Meta has released NotebookLlama, an open-source toolkit designed to convert PDF documents into podcasts, providing developers with a structured, accessible PDF-to-audio workflow. As an open-source alternative to Google’s NotebookLM, NotebookLlama guides users through a four-step process that converts PDF text into audio content, without needing prior experience with large language models (LLMs) or audio processing.

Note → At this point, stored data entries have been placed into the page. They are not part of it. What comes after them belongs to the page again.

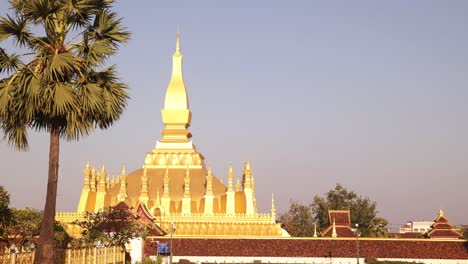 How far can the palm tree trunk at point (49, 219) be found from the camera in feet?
50.8

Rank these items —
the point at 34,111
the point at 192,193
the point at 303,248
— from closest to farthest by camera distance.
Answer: the point at 34,111 → the point at 303,248 → the point at 192,193

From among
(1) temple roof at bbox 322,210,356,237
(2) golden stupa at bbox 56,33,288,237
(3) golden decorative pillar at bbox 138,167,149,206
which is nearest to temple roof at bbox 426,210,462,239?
(1) temple roof at bbox 322,210,356,237

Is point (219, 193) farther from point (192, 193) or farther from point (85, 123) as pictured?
point (85, 123)

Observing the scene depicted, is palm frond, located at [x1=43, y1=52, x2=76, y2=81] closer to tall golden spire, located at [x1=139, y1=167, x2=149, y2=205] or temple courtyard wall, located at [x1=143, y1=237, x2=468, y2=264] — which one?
temple courtyard wall, located at [x1=143, y1=237, x2=468, y2=264]

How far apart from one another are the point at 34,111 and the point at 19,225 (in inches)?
681

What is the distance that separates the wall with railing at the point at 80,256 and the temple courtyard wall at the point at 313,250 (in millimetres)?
15557

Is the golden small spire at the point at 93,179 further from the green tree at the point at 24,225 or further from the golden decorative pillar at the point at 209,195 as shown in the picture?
the green tree at the point at 24,225

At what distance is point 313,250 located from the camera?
42.1 metres

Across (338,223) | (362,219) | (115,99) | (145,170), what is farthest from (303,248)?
(362,219)

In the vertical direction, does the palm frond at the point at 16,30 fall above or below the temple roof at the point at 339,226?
above

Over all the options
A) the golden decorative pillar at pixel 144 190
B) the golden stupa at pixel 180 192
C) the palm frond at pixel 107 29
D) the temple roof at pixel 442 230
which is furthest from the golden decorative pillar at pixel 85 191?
the palm frond at pixel 107 29

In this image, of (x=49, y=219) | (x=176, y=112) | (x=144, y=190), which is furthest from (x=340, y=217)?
(x=49, y=219)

The toolkit offers a practical way for users to experiment with LLMs and TTS models to create conversational, audio-ready content.
NotebookLlama's workflow includes:
- PDF Pre-processing: Using the Llama-3.2-1B-Instruct model, the toolkit cleans and formats PDF content into plain text, maintaining structural integrity.
- Transcript Generation: The Llama-3.1-70B-Instruct model crafts the plain text into a script suitable for podcast format, selected for its capabilities in creating engaging, conversational text.
- Dramatize Podcast: The Llama-3.1-8B-Instruct model further adjusts the transcript, enhancing its conversational appeal for audio audiences.
- Text-to-Speech (TTS) Conversion: The final audio is produced using Parler-tts and bark TTS models, with prompts tailored to simulate distinct speakers.
(Source: NotebookLlama GitHub Repository)
Running NotebookLlama requires a GPU server or an API provider for the larger models. The 70B model, for instance, needs around 140GB of aggregated memory. The toolkit is available through GitHub, and users have to log in to Hugging Face for model access.
NotebookLlama has received significant community feedback since its launch. While users appreciate the flexibility of the open-source model, several pointed out limitations when comparing it to Google’s proprietary system, particularly in voice quality.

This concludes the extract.